Begin with the opening line of the records and extract each line through the one holding "פאלארד שפאצירנדיג אין ניו יארק"; pictures are not part of the copy.

----- Data extracts -----

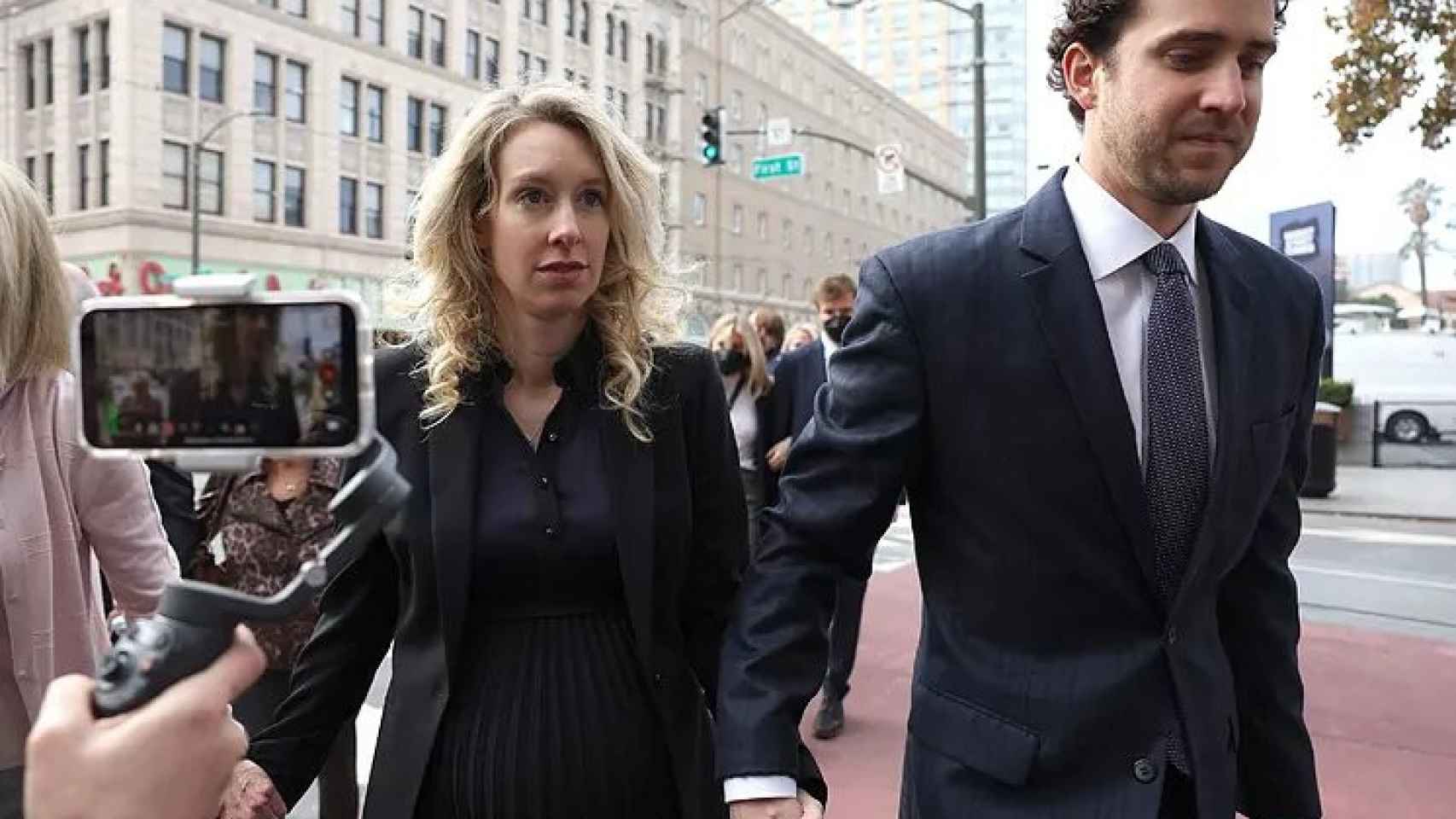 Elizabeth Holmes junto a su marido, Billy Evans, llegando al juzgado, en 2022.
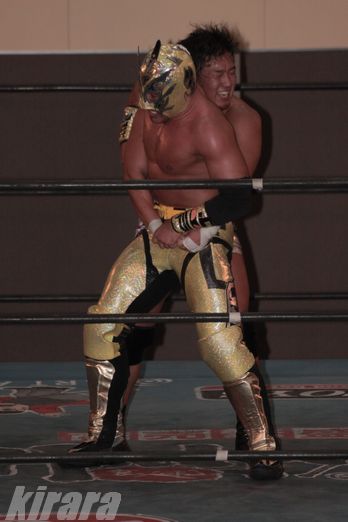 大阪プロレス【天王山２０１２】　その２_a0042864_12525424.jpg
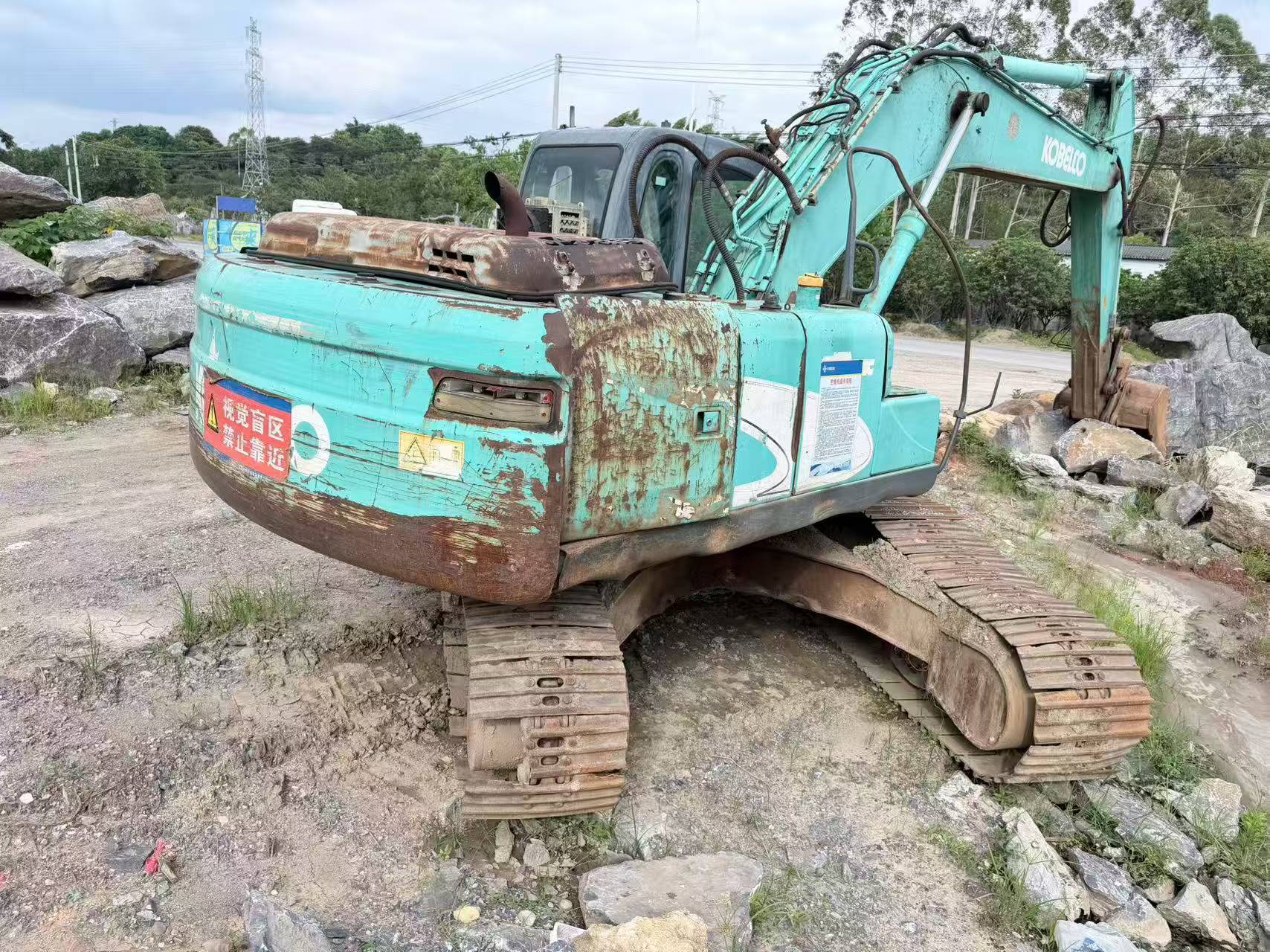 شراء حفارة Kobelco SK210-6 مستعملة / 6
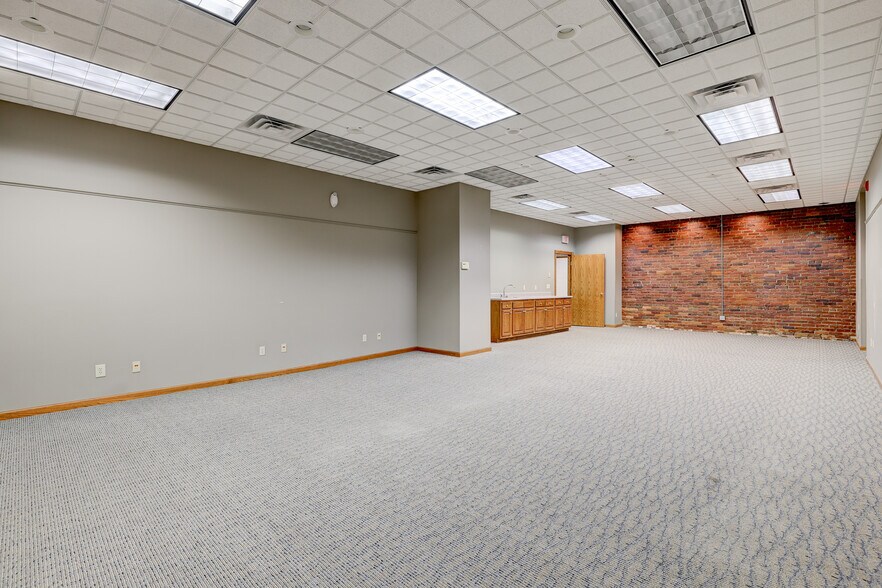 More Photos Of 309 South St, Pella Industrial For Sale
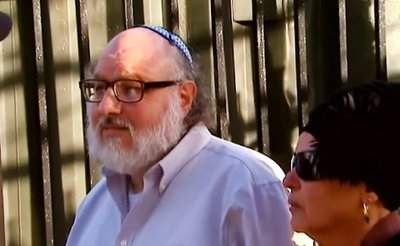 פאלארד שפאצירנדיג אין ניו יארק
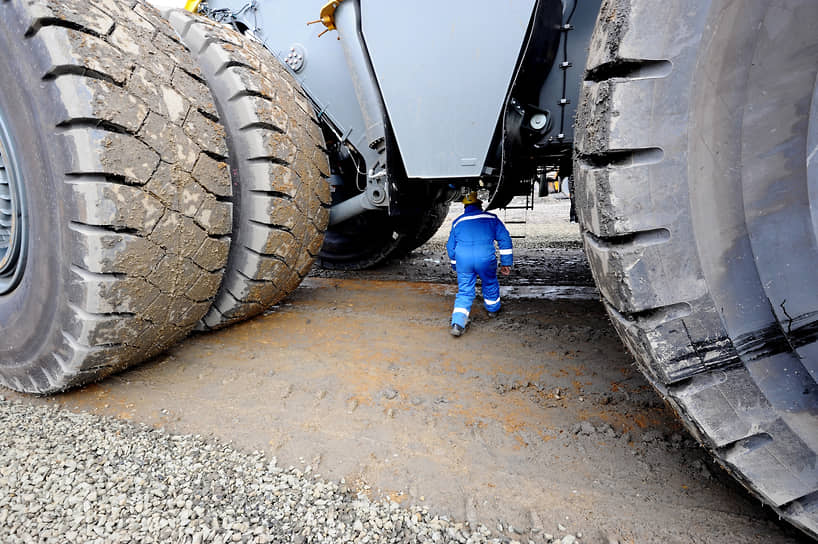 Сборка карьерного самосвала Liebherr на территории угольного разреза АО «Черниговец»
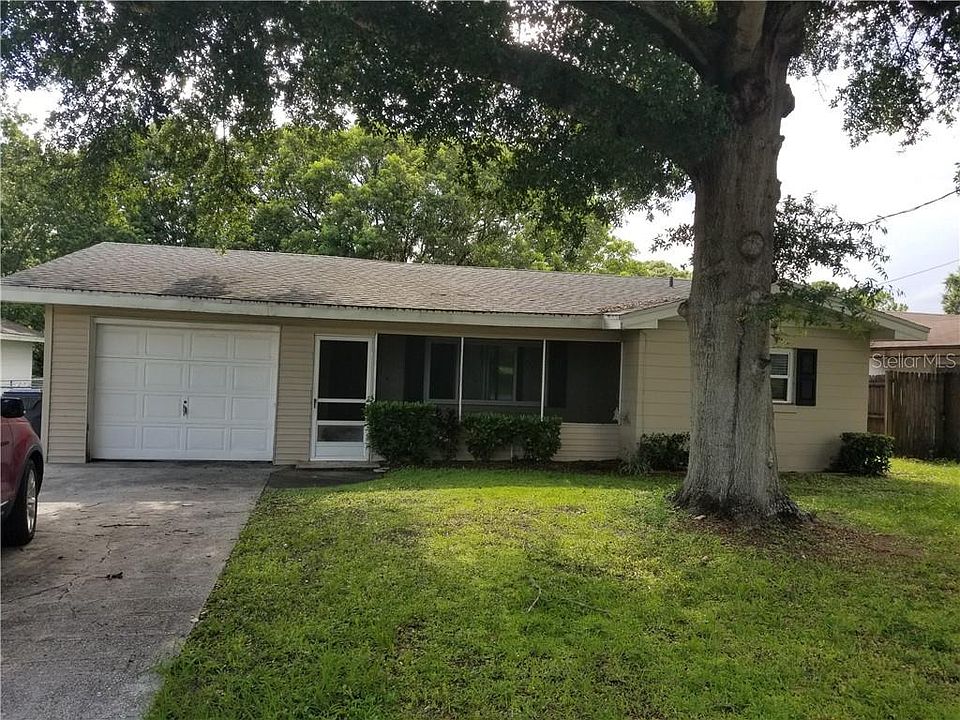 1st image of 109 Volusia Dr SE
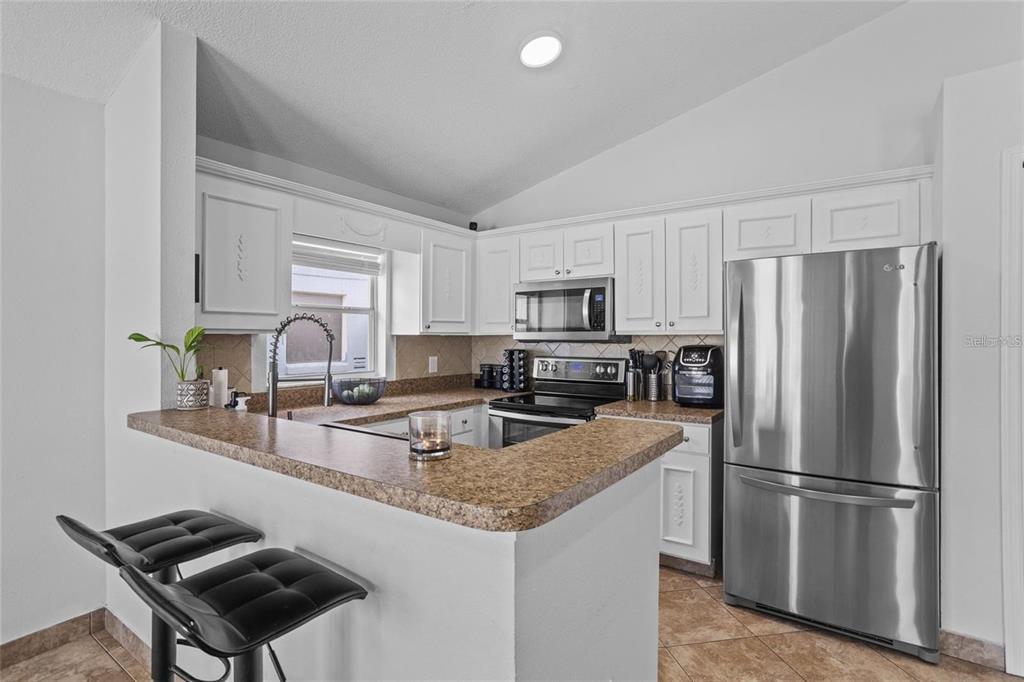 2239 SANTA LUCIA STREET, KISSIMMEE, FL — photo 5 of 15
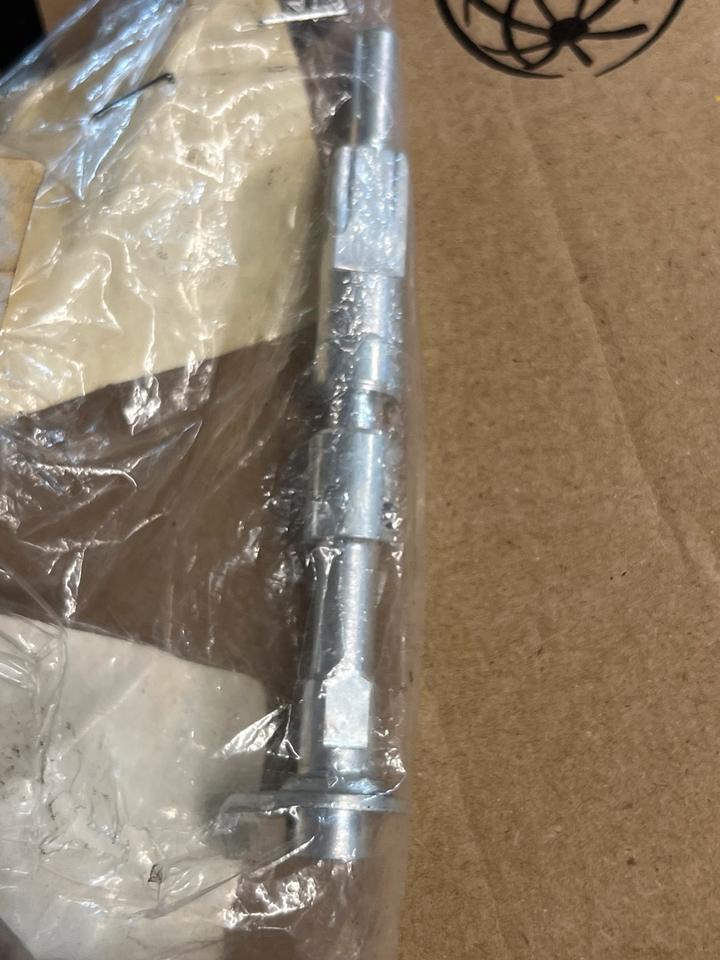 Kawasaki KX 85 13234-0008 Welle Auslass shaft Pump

-----

- _Result below_
 Elizabeth Holmes junto a su marido, Billy Evans, llegando al juzgado, en 2022.
 大阪プロレス【天王山２０１２】　その２_a0042864_12525424.jpg
 شراء حفارة Kobelco SK210-6 مستعملة / 6
 More Photos Of 309 South St, Pella Industrial For Sale
 פאלארד שפאצירנדיג אין ניו יארק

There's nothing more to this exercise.